Он умолк, требуя взглядом сочувствия к себе.

— А ты за что угодил в теряху-то? — вдруг резко спросил он меня.

Помедлив, я ответил:

— Осужден по статье пятьдесят восьмой, пункт десять.

— За политику?! — недоуменно спросил он и вдруг с разочарованием посмотрел на меня. Его губы дрогнули в невольной улыбке. — Наверно, у немца в холуях выслуживался? По твоей хвизиономии вижу. В камере таких, как ты, хватает. Вон на верхних нарах лежит Лунев, как баран развалился. При немцах в полицаях ходил. Одежонка на нем вся новая, сапоги чисто немецкие, офицерские. Рожа кирпича просит. Почти каждый день передачи ему носят. Жрет, как боров, да посмеивается. А я вот всю войну на фронте пробыл и голодный лежу под нарами. И все потому, что наглости у меня нет. Да и душа открытая, русская. Мы такие, мужики, безотказные, что прикажут, то и делаем. Послали нас ... пошли на войну. Посадили в тюрьму — мирно сидим, не гневаемся на власть, хотя она согнула нашего брата в дугу. Вот, мил человек, я весь тут перед тобой.

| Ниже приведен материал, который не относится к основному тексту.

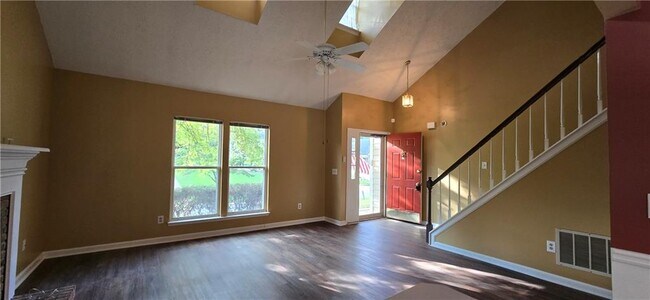Foto del edificio - 10420 Summer Creek Dr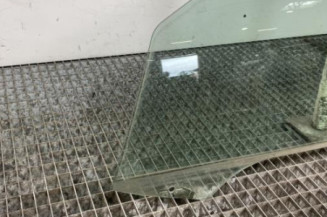 Vitre avant gauche PEUGEOT 206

После первых его слов, сказанных в мой адрес, мне стало не по себе. Я с нетерпением ждал, когда он закончит говорить, чтобы объяснить ему, что я не тот, за кого он меня принимает. Как только он закончил, я сказал:

— Родину я не предавал, отец, и ничего общего с фашистами не имел.

После этих сказанных мной слов я почувствовал какое-то облегчение. Я очень не хотел, чтобы этот человек в чем-либо меня подозревал. Как ни странно, но почему-то, слушая его, у меня возникало такое чувство, будто это мой близкий родственник. Махоткин смотрел на меня теперь уже более добродушно и вопросительно молчал. По его взгляду я понял, что необходимо немного рассказать о себе.

— История моя такая, — заговорил я, глядя ему в глаза. — Я был солдатом, как и ты, но в декабре сорок первого попал в плен. На этом и кончилась моя защита отечества. После войны вернулся из Германии и в кругу своих знакомых высказал все, что годами вынашивал в собственной душе. И почему мы отступали, и что делалось в нашей армии до войны ... Думаю, за это меня и упрятали сюда. Хотя, честно говоря, точно не знаю ... В след­ственном отделе я находился только три дня, и из вопросов следователя совершенно ничего нельзя было понять. След­ствия по моему делу практически не было.

Махоткин осторожно поднес к своим губам палец, робко озираясь по сторонам. В камере в это время было тихо, только изредка раздавались отдельные разговоры между заключенными да покашливал надзиратель за дверью.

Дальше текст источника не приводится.